After the lifting of sanctions, companies from all the JCPOA signatories and elsewhere started pushing for promotion of economic ties with Iran, sometimes striking multi-billion-dollar deals with Tehran. The United States remained an exception.

Despite this and moves to pose new sanctions on Iran, US officials have been bemoaning what they represented as the fate of the Iranian nation, which, according to them, is wronged by its ruling power.

Secretary of State Rex Tillerson on Wednesday said Washington's "fight is not with the Iranian people," but with what he described as "the revolutionary regime."

"We know there are strong feelings and values inside of Iran that we want to promote in terms of one day the Iranian people being able to retake control of their government," the US top diplomat said.

In similar remarks during his Iran strategy announcement on October 13, President Donald Trump also feigned sympathy with Iranian people, saying the ruling class in Iran 'has raided the wealth of one of the world's oldest and most vibrant nations'.

Notwithstanding such remarks, probably meant with the best intention to sooth the Iranian people's dismay in a diplomatic approach to the US, Washington's political measures against Iran have created a quality in the Iranian people's mindset quite different than what the White House wishes to do by words.

As the US is venting more and more pressure on Iran, conservatives who have for decades been saying America is not trustworthy, are now becoming once more the focus of attention as sages of Iran. The most recent move by the House of Representatives to pose new sanctions on Iran has completely driven to the margin the reform-minded Iranians who hoped talks with world powers, besides ending tension over the nuclear program, would give the conservatives some reason to trust diplomacy and international pacts.

Zarif himself has become critical of Washington.

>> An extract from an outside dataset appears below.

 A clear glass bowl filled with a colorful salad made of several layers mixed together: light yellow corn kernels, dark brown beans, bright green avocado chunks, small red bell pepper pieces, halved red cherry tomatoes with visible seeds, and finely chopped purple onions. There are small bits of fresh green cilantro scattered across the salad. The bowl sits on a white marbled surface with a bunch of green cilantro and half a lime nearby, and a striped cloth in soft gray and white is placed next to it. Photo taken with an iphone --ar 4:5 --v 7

He recently referred to Trump's October 13 de-certification of the nuclear deal, which opened the way for Congress to consider new sanctions on Iran, as a violation of JCPOA.

In April 2015, a few months before JCPOA was concluded and he was hotly debating it with international counterparts, Zarif severely criticized the oppositional views of freshman Arkansas Republican Tom Cotton. 'Serious diplomacy, not macho personal smear, is what we need,' he tweeted in response to Cotton, a staunch critic of any US talks with Iran.

The same Senator Cotton, however, when Trump recently presented his new Iran strategy, was drafting a legislation to pose new sanctions on Iran's missile program, the legislation that is going to mar things between Iran and the US unimaginably.

On Wednesday, Senate passed a bill to pose new sanctions on Iran over the missiles. Critics believe things are moving back to square one for Iran and the US to use 'old methods' once more.

Zarif recently said Americans are 'addicted to sanctions.' As Washington is pursuing its addiction, Iranians seem to be developing new faith in their old 'Death to America' slogan.